No e-commerce, o esforço do cliente normalmente aparece onde também há desperdício operacional: repetição de informações, necessidade de mudar de canal para resolver o mesmo problema ou atendimentos que não têm acesso ao histórico completo da jornada.

Cada uma dessas fricções aumenta o tempo médio de resolução, gera novos contatos e pressiona a operação. O cliente que encontra dificuldade para acompanhar um pedido ou solicitar uma troca tende a acionar mais vezes o suporte – evidenciando o custo de um atendimento fragmentado – ou simplesmente deixa de comprar novamente – reduzindo receita futura.

É por isso que a redução de esforço deve orientar decisões de investimento.

Autoatendimento realmente resolutivo, automação de demandas simples e integração de dados do cliente não são projetos tecnológicos isolados; precisam ser tratados como mecanismos para encurtar jornadas, reduzir custo por interação e aumentar recompra.

Menos esforço significa operação mais enxuta e receita mais previsível.

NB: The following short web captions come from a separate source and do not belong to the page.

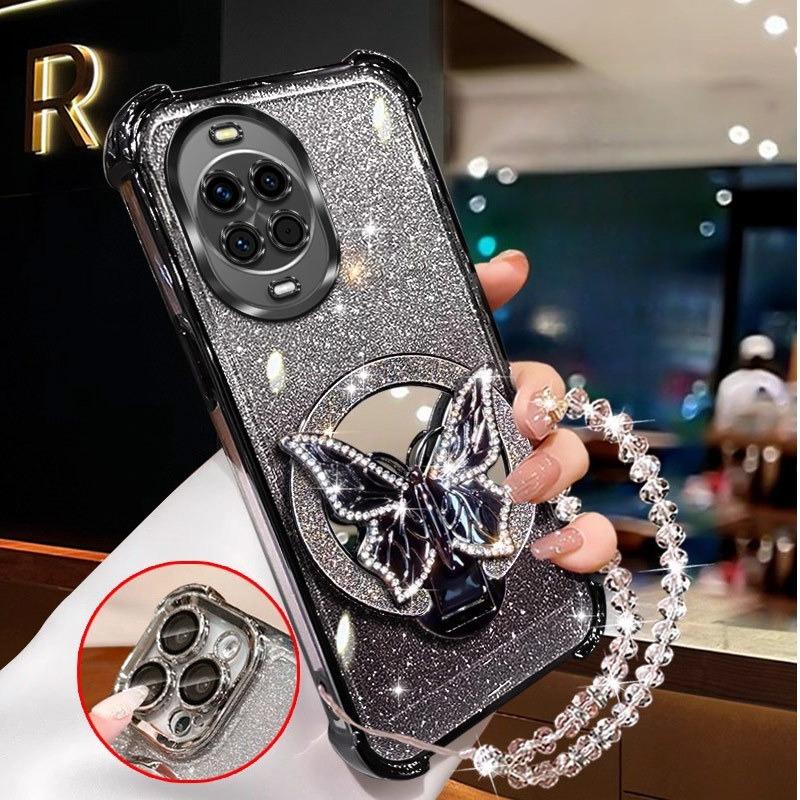 Glitter Butterfly Mirror Crystal Bracelet Case For Huawei Nova 14 Ultra 13 12 11 10 9 8 7 SE Pro Shockproof Plating Cover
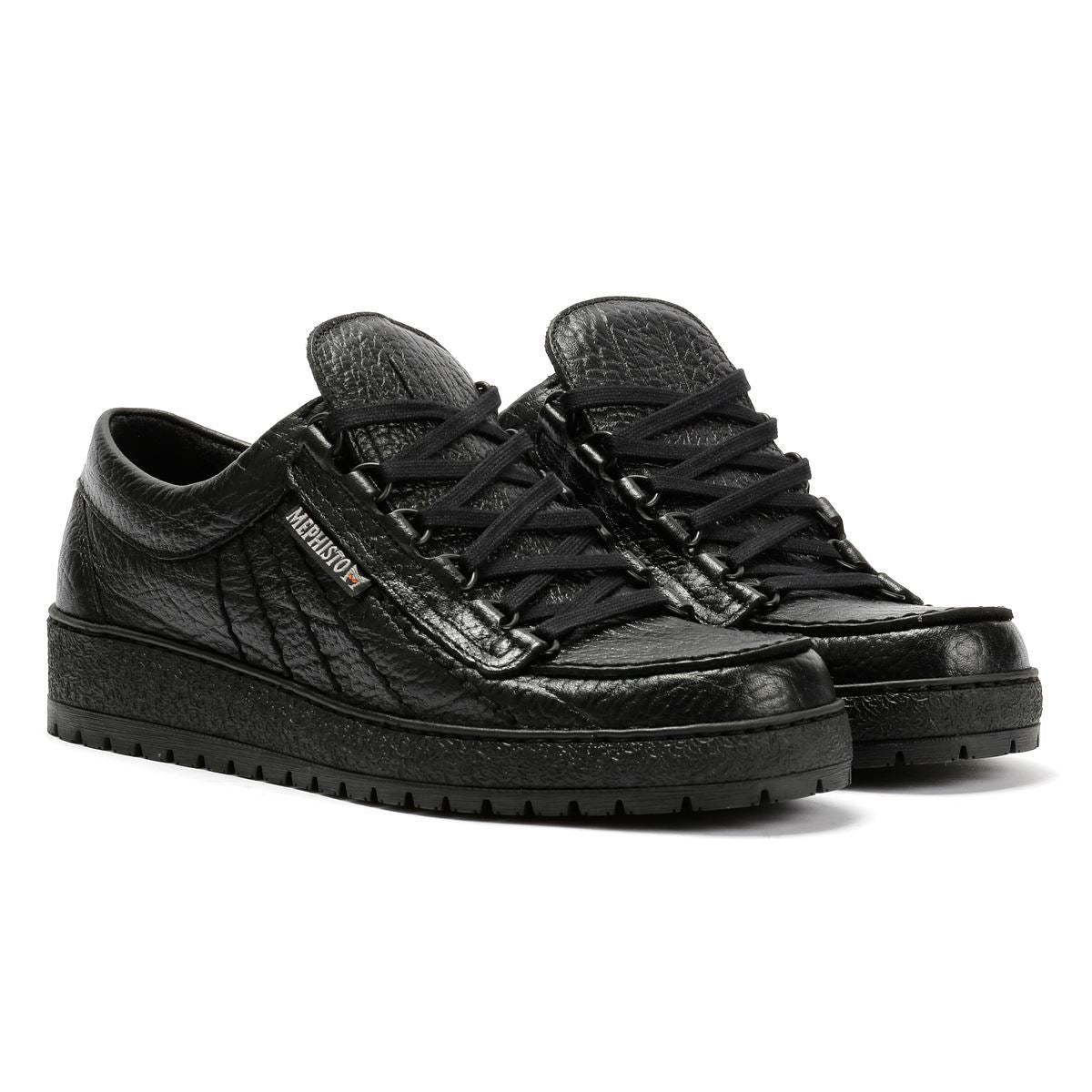 Mephisto Rainbow Mamouth 714 Chaussures Noires En Cuir Pour Homme À Lacets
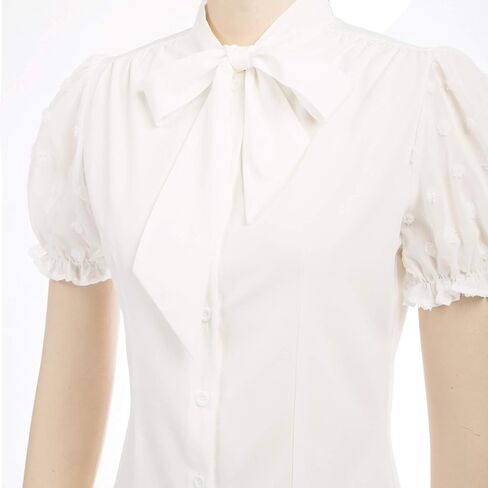 Belle Poque Summer Short Sleeve Office Button Down Blouse Stripe Shirt Tops with Bow Tie BP573 in Saudi Arabia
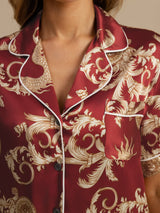 [Drago Vino] SilkSilky-IT Short Sleeve Lapel Collar Pigiami da donna 005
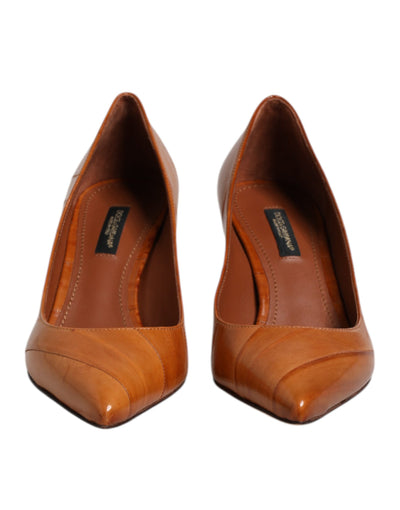 Dolce & Gabbana Braun Leder Stiletto Heel Pumps Schuhe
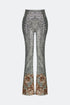 Silver Sequin High Waist Flared Trousers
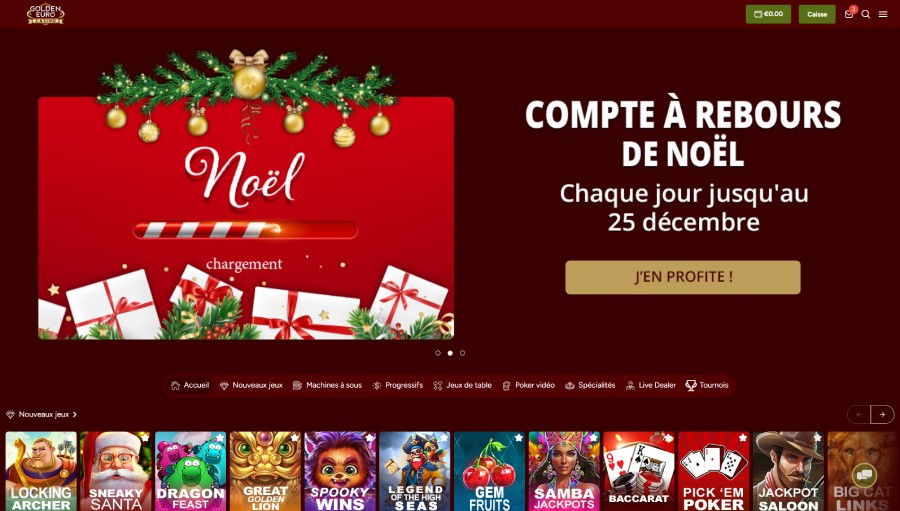 Page d'accueil Golden Euro Casino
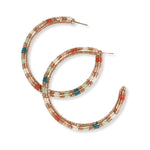 Raquel Striped Hoop Earrings Desert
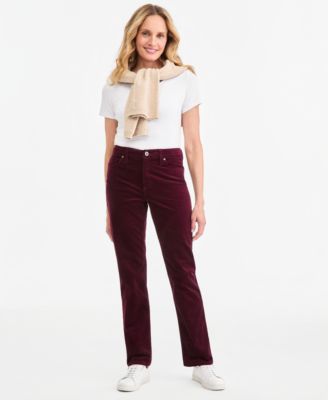Women's Velveteen High-Waist Straight-Leg Pants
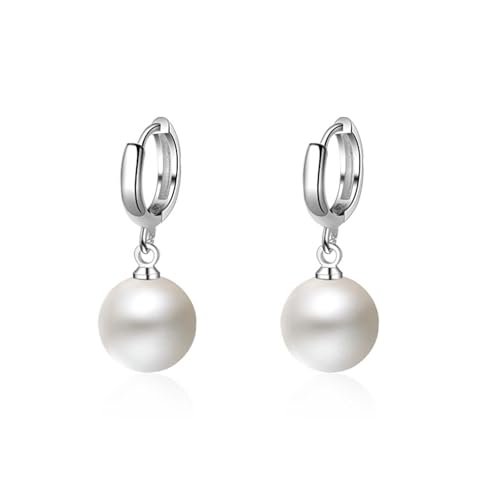 Ohrringe Hängend Cool, Silber Ohrringe Elegant Versilbert Perlenanhänger 28X10mm für Damen Neujahr Schmuck von Wycian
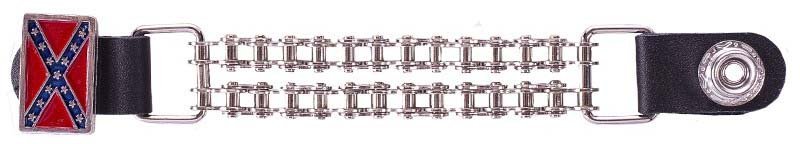 Set of Four Rebel Flag Vest Extenders with Bike Chain Design - AC1057-BC-DL - Image 2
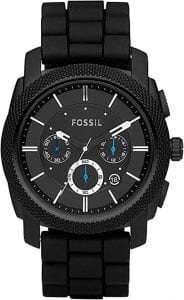 Fossil Men’s Machine Chronograph Quartz Watch, Black & Silicone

Prioridades reais de investimento em CX

Para um CEO, a pergunta não deveria ser “como inovar na experiência?”, mas “onde a fricção está destruindo a margem de lucro?”.

1. Eliminação de gargalos

A priorização começa pela eliminação de gargalos que concentram volume de contato, como acompanhamento de pedidos, trocas e dúvidas recorrentes. Quanto mais eficiente for o autoatendimento nessas etapas, menor a dependência de intervenção humana.

2. Transparência operacional

Quando o cliente tem visibilidade clara do status do pedido, reduz-se ansiedade, diminuem-se acionamentos desnecessários e fortalece-se a confiança.

3. Integração de dados

Sem visão consolidada do cliente, a operação se torna redundante e mais cara. A fragmentação da informação aumenta esforço, retrabalho e tempo de resolução.

4. Canais de atendimento

A decisão sobre canais também exige cautela. Fechar canais preferidos sob o argumento de eficiência pode deslocar demanda para concorrentes ou gerar frustração acumulada.

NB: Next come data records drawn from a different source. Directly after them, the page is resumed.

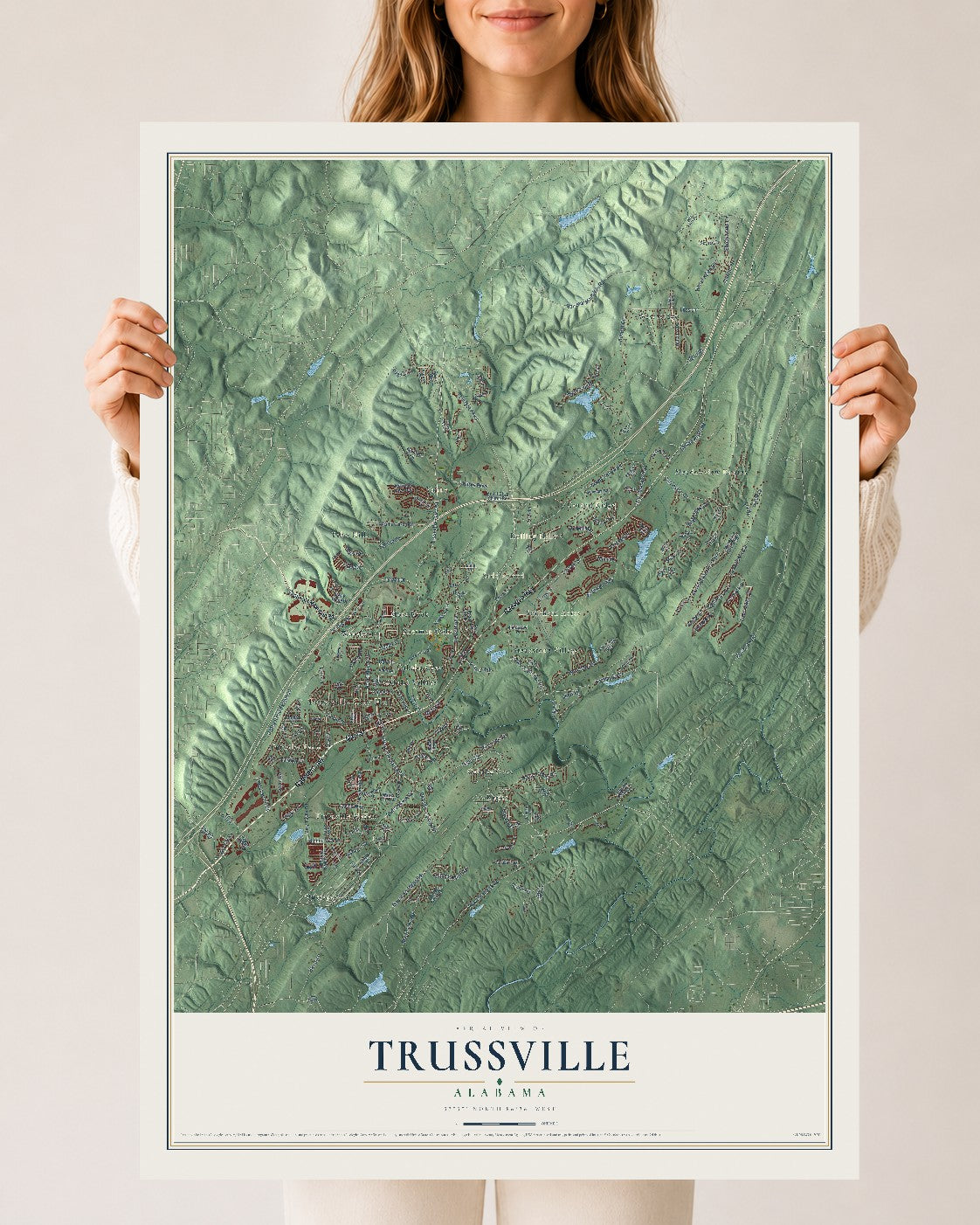Map of Trussville, Alabama, 24 x 36 inch unframed archival matte print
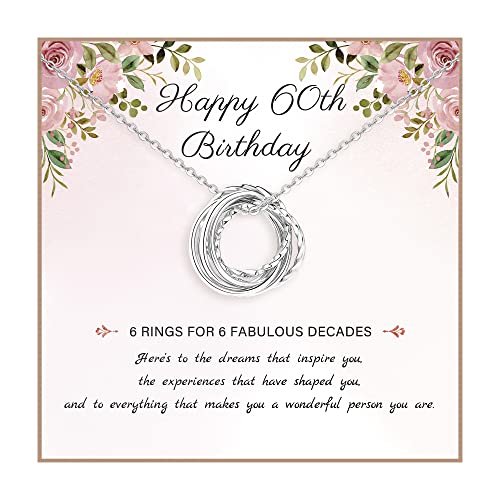Detalle de PRETOLE 60th Birthday Interlocking Circles Necklace in Sterling Silver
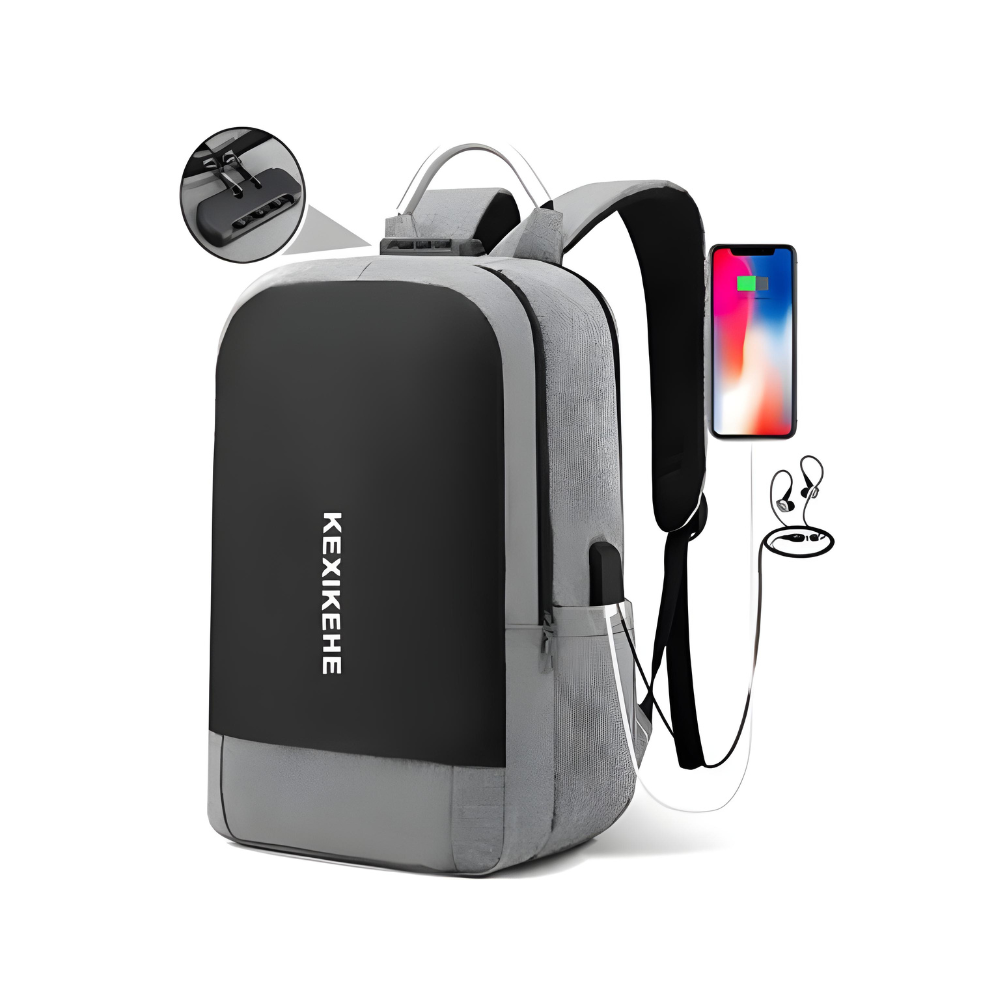 Mochila Executiva USB com Cadeado Zíper Frontal e Traseiro Cabo de Metal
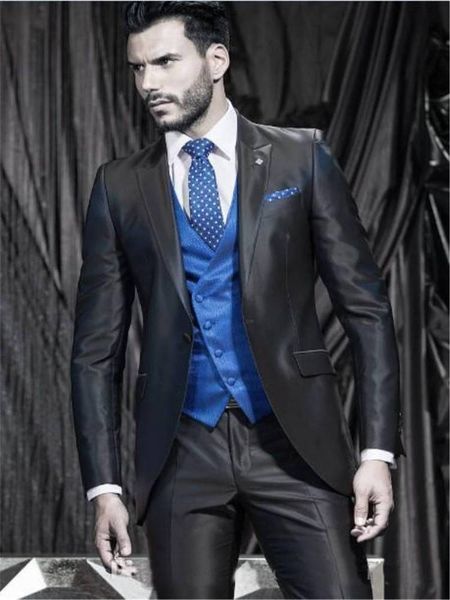 

fashion 3 pieces mens suit button black groom man dress pointy lapel men's wedding dress (jacket+pants+vest+tie, White;black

5. Inteligência artificial

Deve ser aplicada com foco em resolutividade, não apenas em automação. Quando ajuda a antecipar demandas e acelerar respostas, gera eficiência real. Quando funciona como barreira de contato, amplia esforço e corrói valor.

Conclusão

Investir em customer experience não é buscar o extraordinário, mas sim garantir que o básico funcione sem fricção.

Empresas que tratam CX como infraestrutura operacional constroem margens mais saudáveis, retenção previsível e crescimento orgânico sustentável.

No e-commerce, experiência não é diferencial estético. É eficiência econômica aplicada à jornada.